The Transparent Self: Working in Glass
The Transparent Self: Working in Glass
with Minami Oya and Nate Watson
$500 lab fee | May 31–June 13 | Exploratory
Glass embodies a fluidity, range, and nuance well suited to expose the truths that every person holds. Through a series of material inquiries and personal reflections, we’ll find the methods by which the stories that define us can best be made visible through glass. This workshop will examine the qualities that make glass such a powerful mode of expression and help students refine an honest and natural relationship with the material. We'll cover a range of foundational techniquesm, including basic glassblowing, adhesives and assemblage, color application, basic coldworking, and sculpture techniques. A balancing of traditional and nontraditional processes will help you access the expression that comes from a harmony between you and the material. Through a series of short lectures, brief writing assignments, and thoughtful experiments, students will come to understand the range, immediacy, and responsiveness that glass can offer the creative process. Instructors will introduce contemporary artists like Vanessa German, Tavares Strachan, Fred Wilson, Team Lab, and many more who mine the material of glass in wildly different ways to alter how we observe the world and how we envision ourselves within it. Experiencing and reflecting on the material in its purest form while constantly checking in with how we tell our own truths through short writing prompts, we’ll consider where the language of glass and the stories that make us overlap. Ultimately, we’ll seek a merging of ourselves with the making process in a way that allows for our truths to melt into the spaces where we live and work and create together. The course begins with students responding to a series of writing prompts designed to produce short autobiographical excerpts. These expressions of self-reflection are to be presented, discussed, and distilled into personal methodologies for approaching glass. Inquiry is the mechanism for refining individual paths in this course, as each unique story is transformed into a series of experiments and challenges through which each student builds a foundational understanding of how glass works.
SAIC students: This is a 3-credit course; use the course code GLASS 666 001.

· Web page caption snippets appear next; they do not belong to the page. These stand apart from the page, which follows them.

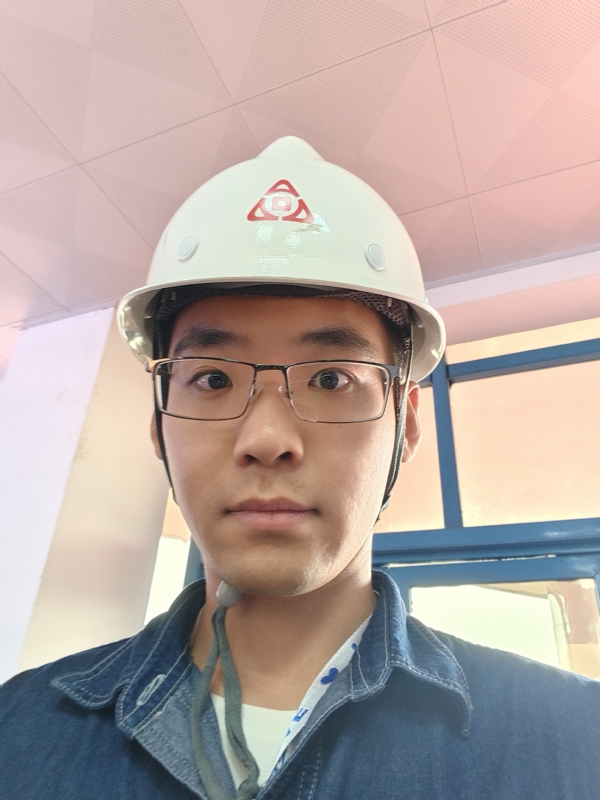 何鹏宇的第二张照片--茂名相亲服务中心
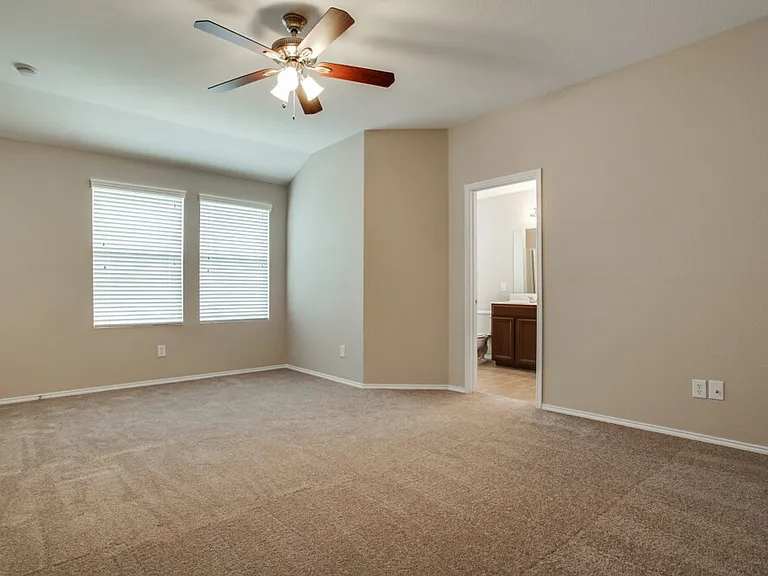 698 Austin Ln — Photo 9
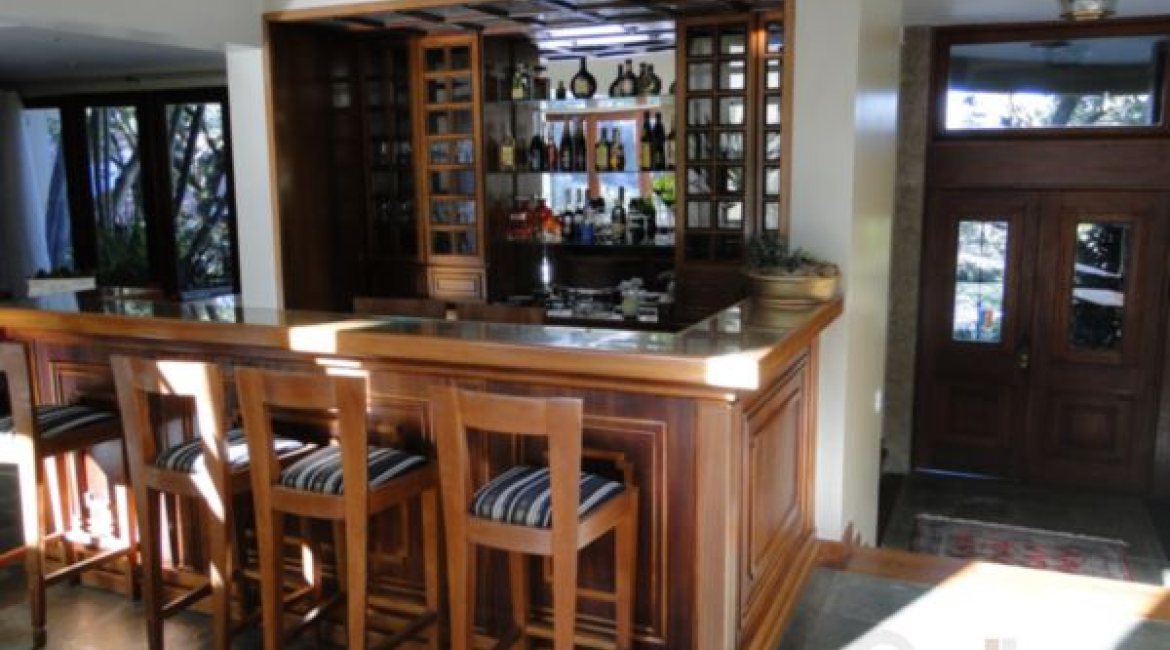 Casa em Condomínio à venda com 1350m², 7 dormitórios, 5 suítes, 4 vagas, no bairro Cavalhada em PORTO ALEGRE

Minami Oya (she/her; b. Japan) is an artist, glassmaker, and educator whose practice employs glass and mixed media as metaphorical instruments and encompasses installations and works on paper. Her work has been shown in solo and juried exhibitions in the United States. Oya discovered her deep passion for glass in 2008 at San Francisco State University and has trained with maestros in studios such as Pilchuck Glass School, the Pittsburgh Glass Center, the Corning Museum of Glass, and D.F. Glassworks, Murano, Italy. She holds an MFA in Spatial Art from San José State University and has taught at several institutions, including California College of the Arts, San José State University, and Public Glass.
photo by Nicole Ravicchio
Nate Watson (he/him) is a visual artist and cultural organizer. Watson has lectured nationally and held teaching positions at San Francisco State University, California College of the Arts, and the University of Washington. His transdisciplinary practice ranges from photographs, architectural interventions, and poetic imagery to collaborations with the collective Related Tactics, investigating and producing creative projects, opportunities, and interventions at the intersection of race and culture. His projects have been exhibited and supported by the San Francisco Museum of Modern Art; the Wexner Center for the Arts, Columbus, OH; the University of San Francisco Thacher Gallery; Berkeley Art Center; the Anna-Maria and Stephen Kellen Gallery at Parsons School of Design, New York; Southern Exposure, San Francisco; the Chinese Culture Center of San Francisco; the Corning Museum of Glass, New York; the Tacoma Museum of Glass, WA; the Institute of Contemporary Art San José, CA; and the Houston Center for Contemporary Craft. Before embarking on his graduate degree at California College of the Arts in 2004, Watson received a BA in History from Centre College and was awarded grants from the Rhode Island Foundation and the Rhode Island State Council on the Arts for his work investigating intersections between immigration, labor, and craft traditions. In 2012, he co-founded Light-a-Spark, a collaborative glass-focused arts program that provides rare opportunities and resources for youth in marginalized communities in San Francisco.